The latest Pistons win provides an object lesson in the power of perseverance. Down eight points with less than two minutes left, they rallied to win, the biggest shot – the one that got them to overtime – delivered by an undrafted player who toiled in Europe for a shot at a Summer League invitation that led to a role as the No. 3 point guard.

Will Bynum, given a shot as lingering injuries kept Rodney Stuckey and Ben Gordon sidelined, hit the game-tying triple with 16 seconds left in regulation. But it wasn’t only Bynum, who the night before didn’t make a shot in eight tries in a loss at Chicago, who displayed the qualities of stick-to-it-tiveness that is what Lawrence Frank wishes the Pistons to embody.

It was Brandon Knight, too, who made his only two 3-pointers of the game in the final two minutes. And it was Greg Monroe, a big man who stripped a guard of the basketball at mid-court after the first of Knight’s late salvos, converting a steal into a three-point play that pulled the Pistons within two points. It was Jonas Jerebko, who missed all of last season with an Achilles tendon injury but played so well Frank couldn’t take him out of the lineup down the stretch of what became a 110-107 Pistons win over Charlotte.

Ultimately, it was a collective effort whose roots go back to the misery of the 4-20 start, when Frank refused to let the misery sink their boat and he got 13 players on board with helping him bail water.

“We’re getting together,” Jerebko said after an 18-point, five-rebound, three-assist game – the biggest assist the feed to set up Bynum’s triple, Jerebko passing on an open three of his own. “Starting to trust each other more. We’ve got some new guys on the team, new coach, new system. It’s all falling together.”

“To show the fight and the grit, especially since we’ve been on the flip side of those where we’ve had some wins stolen from us,” Frank said. “To me, it’s how we got those buckets. You think about the trust we had – Will on a dribble handoff to (Tayshaun Prince), Tay making the next play to Brandon, and then the trust from Tay to Jonas, Jonas to Will. I just like how we found those shots. They weren’t forced shots; they were rhythm shots in pressure moments.”

Jerebko, on a night he made 8 of 11 shots, was on his tiptoes about the take the triple when he spotted Bynum to his left.

“I was just about to shoot it,” Jerebko grinned, “and a guy started running out on me, so I looked to my left and we had two guys more open than me. It was not a hard decision – trust in Will, I knew he was going to make it. It was in the back of my mind (to shoot) – it was almost gone. I would have made it, too, but I thought Will could have it.”

“It’s just a matter of opportunity and minutes and being in the right place at the right time and putting work in and those moments happen,” said Bynum, who scored 20 points in a January loss to Dallas but has only been in double figures twice since then. “Coach told me to go out there and just leave it all out on the court and play as hard as I can. I was just playing the way I know how to play. I haven’t been on the floor all season at the end of the game. I thought I was dreaming.”

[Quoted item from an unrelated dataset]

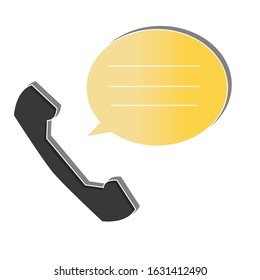 Phone call concept on white background. Creative idea design. Flat vector illustration for template, brochure, presentation or web page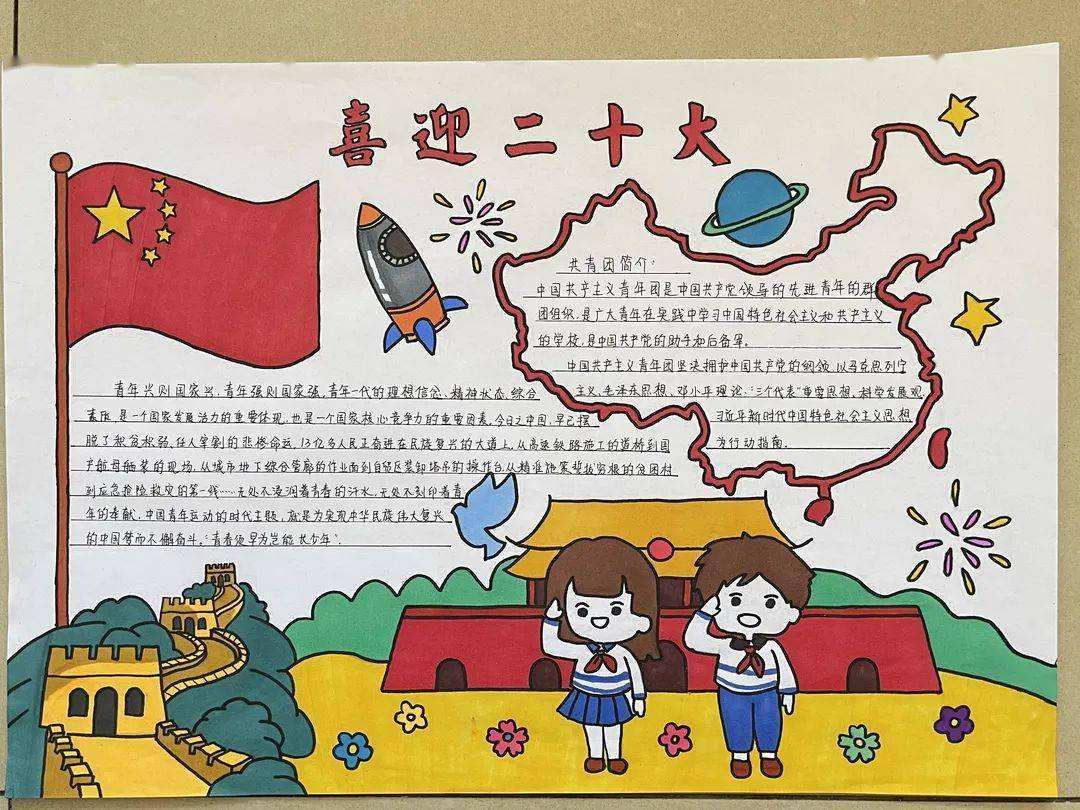 小学生喜迎二十大手抄报作品精选6张-图4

“Will prepares every day,” Frank said. “Even though he was out of the rotation, he still was very diligent about putting time in. He’s in shape. You can’t just play those minutes and not be in condition. It’s a credit to Will that he stayed ready when his number was called tonight and he delivered.”

Knight’s two 3-pointers came just 43 seconds apart, the rookie showing the aplomb in big moments that earned him his reputation as a closer last year as a Kentucky freshman.

“Brandon is not afraid,” Frank said. “On a night his shot wasn’t really going, to step up … that’s a big part of how to succeed in this league, the belief that you’re a damn good player. You have to, because there are so many good players here, you have to maintain belief, even in the toughest of moments.”

It’s a quality the Pistons have flashed twice in a week now, scoring a road win Monday at Washington when nothing went their way for the game’s first 45 minutes and coming back despite their road weariness to win at The Palace to make it a very happy homecoming, indeed.